The industry self-regulatory organization completed phase one of the project last year — including changes to emphasize dealers’ responsibility for reps’ proficiency and supervising CE, to promote a principles-based approach to dealers approving CE courses, and to enhance consistency — with the Canadian Securities Administrators (CSA) approving its first set of amendments in December.

However, it delayed implementation of those initial changes, which was originally expected at the start of 2026, to minimize implementation costs by having both phase one and phase two changes adopted at the same time.

Now, CIRO has issued that second set of proposals — reforms that are expected to have more significant systems and operational impacts — for a 90-day comment period.

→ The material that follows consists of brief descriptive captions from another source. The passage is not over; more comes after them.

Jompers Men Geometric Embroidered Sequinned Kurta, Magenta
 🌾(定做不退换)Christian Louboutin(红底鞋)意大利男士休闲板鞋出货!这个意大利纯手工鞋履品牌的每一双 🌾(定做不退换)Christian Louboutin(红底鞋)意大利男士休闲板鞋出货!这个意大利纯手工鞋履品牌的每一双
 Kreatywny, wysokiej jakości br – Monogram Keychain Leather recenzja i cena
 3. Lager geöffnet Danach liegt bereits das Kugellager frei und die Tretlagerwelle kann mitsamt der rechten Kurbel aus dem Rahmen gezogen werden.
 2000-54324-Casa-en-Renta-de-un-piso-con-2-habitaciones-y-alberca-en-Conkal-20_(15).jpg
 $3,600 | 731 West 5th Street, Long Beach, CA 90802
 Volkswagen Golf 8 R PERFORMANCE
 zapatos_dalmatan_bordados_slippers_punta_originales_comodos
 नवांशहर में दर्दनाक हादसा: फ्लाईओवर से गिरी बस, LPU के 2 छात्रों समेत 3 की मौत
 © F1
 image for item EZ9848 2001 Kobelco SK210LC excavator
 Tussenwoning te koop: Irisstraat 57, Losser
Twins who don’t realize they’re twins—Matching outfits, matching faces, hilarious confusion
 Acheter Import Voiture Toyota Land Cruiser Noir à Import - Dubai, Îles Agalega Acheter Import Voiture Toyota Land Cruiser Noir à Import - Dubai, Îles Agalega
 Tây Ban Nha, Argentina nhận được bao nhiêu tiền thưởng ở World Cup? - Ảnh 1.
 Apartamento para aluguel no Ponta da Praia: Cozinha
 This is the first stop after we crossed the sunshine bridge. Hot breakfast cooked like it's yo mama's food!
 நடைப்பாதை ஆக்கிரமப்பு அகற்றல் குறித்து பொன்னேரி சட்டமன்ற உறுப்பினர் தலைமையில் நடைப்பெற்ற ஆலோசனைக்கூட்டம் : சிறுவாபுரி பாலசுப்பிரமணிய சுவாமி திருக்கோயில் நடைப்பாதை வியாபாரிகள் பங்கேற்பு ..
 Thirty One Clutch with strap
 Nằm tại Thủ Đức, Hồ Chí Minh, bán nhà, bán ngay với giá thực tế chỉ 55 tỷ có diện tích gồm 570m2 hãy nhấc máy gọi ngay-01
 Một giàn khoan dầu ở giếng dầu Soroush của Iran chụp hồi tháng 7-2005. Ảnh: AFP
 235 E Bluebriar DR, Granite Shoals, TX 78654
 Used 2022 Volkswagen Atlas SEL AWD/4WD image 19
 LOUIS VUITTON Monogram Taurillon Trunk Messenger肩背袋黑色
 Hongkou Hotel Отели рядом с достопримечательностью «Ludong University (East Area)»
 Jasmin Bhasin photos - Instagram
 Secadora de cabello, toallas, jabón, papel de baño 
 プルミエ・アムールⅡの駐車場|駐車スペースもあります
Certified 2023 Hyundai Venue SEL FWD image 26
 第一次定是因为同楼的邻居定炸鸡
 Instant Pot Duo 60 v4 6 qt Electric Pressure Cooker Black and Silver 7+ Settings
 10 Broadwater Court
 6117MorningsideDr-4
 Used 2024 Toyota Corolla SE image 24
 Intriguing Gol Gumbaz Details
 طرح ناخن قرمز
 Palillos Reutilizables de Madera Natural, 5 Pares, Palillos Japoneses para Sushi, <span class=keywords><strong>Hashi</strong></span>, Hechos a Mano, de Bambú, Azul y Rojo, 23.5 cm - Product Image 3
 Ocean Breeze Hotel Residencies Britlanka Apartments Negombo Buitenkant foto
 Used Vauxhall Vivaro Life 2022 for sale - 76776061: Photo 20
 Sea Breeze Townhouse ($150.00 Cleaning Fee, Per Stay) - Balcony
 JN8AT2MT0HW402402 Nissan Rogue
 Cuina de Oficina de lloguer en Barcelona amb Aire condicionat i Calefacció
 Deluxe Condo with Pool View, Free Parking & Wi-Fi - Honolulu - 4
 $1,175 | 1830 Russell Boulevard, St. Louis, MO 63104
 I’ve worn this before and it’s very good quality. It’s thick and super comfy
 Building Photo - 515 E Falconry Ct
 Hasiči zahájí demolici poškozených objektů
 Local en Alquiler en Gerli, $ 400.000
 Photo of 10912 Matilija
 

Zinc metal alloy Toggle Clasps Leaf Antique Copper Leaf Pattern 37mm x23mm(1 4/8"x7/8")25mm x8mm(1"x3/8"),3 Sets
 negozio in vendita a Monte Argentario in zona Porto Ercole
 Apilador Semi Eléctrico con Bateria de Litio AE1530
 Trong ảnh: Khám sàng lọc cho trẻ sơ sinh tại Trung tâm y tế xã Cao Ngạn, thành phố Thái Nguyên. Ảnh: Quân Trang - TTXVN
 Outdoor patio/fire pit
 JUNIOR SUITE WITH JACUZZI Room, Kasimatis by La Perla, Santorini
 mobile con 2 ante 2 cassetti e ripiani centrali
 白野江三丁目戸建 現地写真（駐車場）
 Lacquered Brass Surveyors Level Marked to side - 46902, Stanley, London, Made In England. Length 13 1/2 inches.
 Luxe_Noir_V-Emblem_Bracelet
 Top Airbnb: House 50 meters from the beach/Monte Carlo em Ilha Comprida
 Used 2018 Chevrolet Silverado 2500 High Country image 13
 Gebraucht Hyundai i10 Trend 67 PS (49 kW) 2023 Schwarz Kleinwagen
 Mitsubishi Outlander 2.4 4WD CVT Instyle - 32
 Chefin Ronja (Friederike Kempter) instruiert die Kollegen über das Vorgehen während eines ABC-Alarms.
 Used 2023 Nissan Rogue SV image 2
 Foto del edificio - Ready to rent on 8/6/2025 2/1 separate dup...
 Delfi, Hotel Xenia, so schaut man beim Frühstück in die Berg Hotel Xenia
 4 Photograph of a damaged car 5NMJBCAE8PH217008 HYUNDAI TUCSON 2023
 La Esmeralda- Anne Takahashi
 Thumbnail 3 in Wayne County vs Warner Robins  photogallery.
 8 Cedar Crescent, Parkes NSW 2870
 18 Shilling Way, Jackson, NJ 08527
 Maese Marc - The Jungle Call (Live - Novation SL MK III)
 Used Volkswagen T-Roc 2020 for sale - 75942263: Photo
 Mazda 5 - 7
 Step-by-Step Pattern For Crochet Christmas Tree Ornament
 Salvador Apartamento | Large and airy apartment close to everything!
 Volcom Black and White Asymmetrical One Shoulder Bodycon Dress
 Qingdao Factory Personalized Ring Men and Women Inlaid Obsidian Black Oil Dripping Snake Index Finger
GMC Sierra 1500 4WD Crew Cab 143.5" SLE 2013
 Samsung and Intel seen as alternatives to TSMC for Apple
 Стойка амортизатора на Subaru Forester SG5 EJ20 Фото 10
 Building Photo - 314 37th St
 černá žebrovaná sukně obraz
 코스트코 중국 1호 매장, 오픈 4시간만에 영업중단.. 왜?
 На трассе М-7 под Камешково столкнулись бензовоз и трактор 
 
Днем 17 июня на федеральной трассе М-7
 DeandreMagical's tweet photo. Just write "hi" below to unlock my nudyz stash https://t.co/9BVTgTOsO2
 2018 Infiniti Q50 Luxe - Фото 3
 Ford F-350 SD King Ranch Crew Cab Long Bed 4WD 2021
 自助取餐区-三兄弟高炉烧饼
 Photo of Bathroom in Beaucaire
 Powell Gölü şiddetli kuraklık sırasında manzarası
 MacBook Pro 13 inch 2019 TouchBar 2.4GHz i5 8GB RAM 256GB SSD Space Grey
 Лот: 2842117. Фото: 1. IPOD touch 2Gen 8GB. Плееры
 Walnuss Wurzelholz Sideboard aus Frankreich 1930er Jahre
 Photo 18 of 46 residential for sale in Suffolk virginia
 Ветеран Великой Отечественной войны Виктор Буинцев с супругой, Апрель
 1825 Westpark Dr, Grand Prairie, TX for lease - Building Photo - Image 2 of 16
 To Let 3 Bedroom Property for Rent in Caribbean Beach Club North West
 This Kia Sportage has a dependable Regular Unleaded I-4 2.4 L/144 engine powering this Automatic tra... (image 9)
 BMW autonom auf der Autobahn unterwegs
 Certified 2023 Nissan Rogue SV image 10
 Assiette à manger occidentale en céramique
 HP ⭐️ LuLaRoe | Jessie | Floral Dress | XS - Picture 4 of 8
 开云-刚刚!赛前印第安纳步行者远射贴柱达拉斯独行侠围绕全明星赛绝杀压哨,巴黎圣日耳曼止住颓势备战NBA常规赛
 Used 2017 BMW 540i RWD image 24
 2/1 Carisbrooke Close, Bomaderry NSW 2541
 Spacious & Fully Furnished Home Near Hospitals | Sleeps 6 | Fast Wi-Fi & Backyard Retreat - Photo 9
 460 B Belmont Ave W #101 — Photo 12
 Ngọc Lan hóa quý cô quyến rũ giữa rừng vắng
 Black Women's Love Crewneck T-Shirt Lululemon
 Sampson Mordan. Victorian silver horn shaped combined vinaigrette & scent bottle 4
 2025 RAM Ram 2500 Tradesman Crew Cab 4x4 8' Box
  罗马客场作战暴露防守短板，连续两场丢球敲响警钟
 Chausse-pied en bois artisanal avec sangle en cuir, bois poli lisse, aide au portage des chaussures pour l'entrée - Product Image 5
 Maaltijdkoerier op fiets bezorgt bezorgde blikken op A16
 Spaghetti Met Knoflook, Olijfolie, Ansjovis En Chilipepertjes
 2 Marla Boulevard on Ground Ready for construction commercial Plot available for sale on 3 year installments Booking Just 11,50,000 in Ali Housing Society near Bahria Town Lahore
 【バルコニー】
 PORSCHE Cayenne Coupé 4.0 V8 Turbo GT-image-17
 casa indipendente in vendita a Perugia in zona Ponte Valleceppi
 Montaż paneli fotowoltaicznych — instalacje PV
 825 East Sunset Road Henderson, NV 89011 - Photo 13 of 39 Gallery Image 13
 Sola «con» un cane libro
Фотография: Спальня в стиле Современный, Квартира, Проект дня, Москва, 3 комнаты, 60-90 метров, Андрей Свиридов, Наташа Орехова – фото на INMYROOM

In a notice detailing the proposals on Thursday, CIRO said the phase two proposals aim to strike “an appropriate balance between providing an effective, fair CE program for CIRO dealers and [reps], while keeping in mind our objectives of strengthening the proficiency regime and protecting investors without imposing unnecessary regulatory burden on dealers.”

Among other things, the phase two proposals aim to simplify and streamline the CE requirements, replace prescriptive requirements with principles-based rules, sync CE cycles and adopt more consistent requirements for all dealers and reps.

The comment period for the phase two proposals ends July 15. CIRO’s expected to finalize the requirements in the second half of 2027, and adopt the new harmonized CE program by Jan. 1, 2028.